• SOURCE INFORMATION:
# # # # # # #
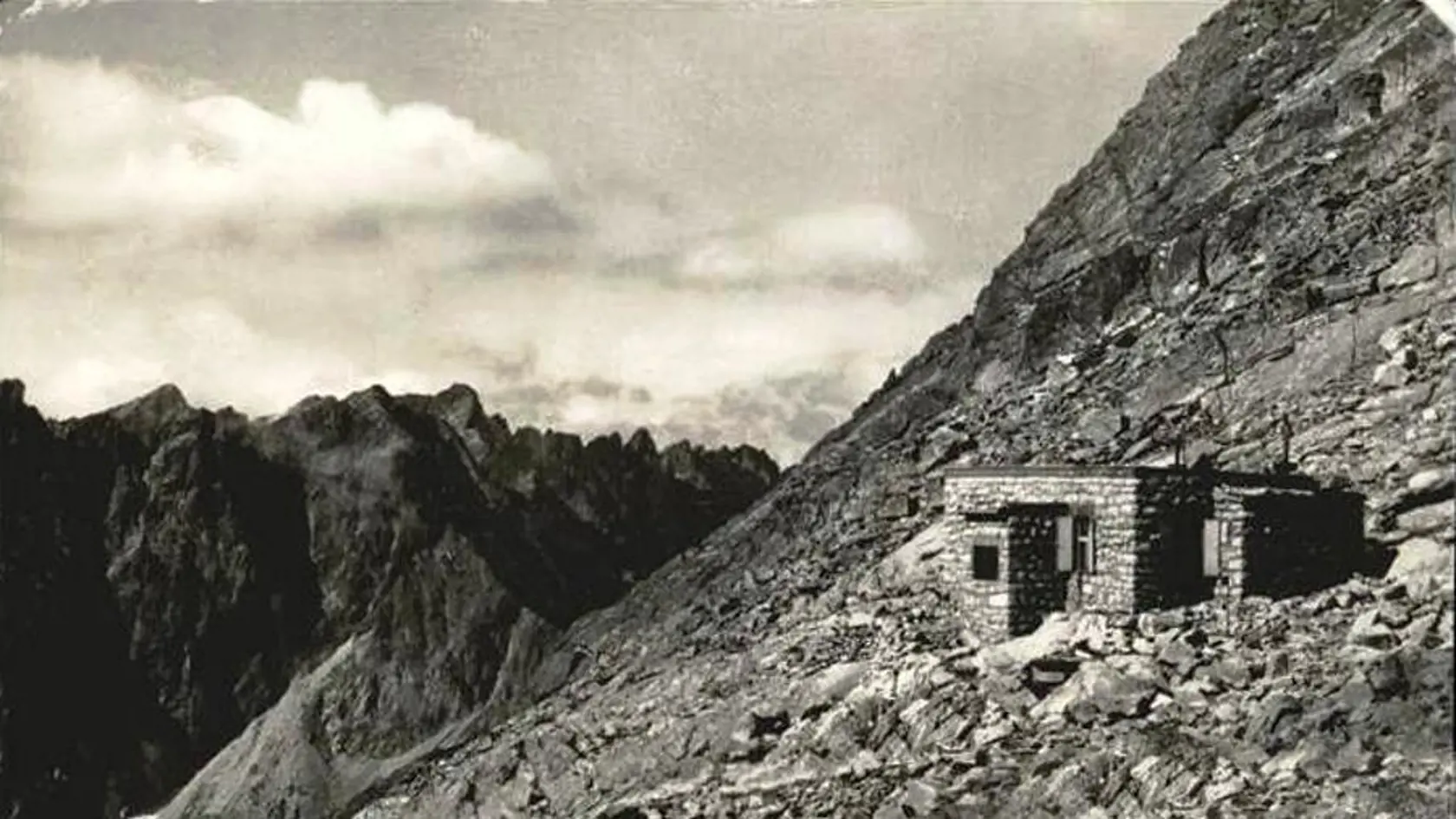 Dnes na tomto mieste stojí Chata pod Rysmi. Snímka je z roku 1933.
# # # # # # #
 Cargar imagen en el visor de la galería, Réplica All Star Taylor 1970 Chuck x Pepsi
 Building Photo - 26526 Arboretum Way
# # # # # # #
• WORK ITEM: Go through the listing above and write out exactly the lines starting with the one holding "Cargar imagen en" and running through the one holding "Building Photo - 26526 Arboretum Way", ends included, and no others.

• RESPONSE BELOW:
 Cargar imagen en el visor de la galería, Réplica All Star Taylor 1970 Chuck x Pepsi
 Building Photo - 26526 Arboretum Way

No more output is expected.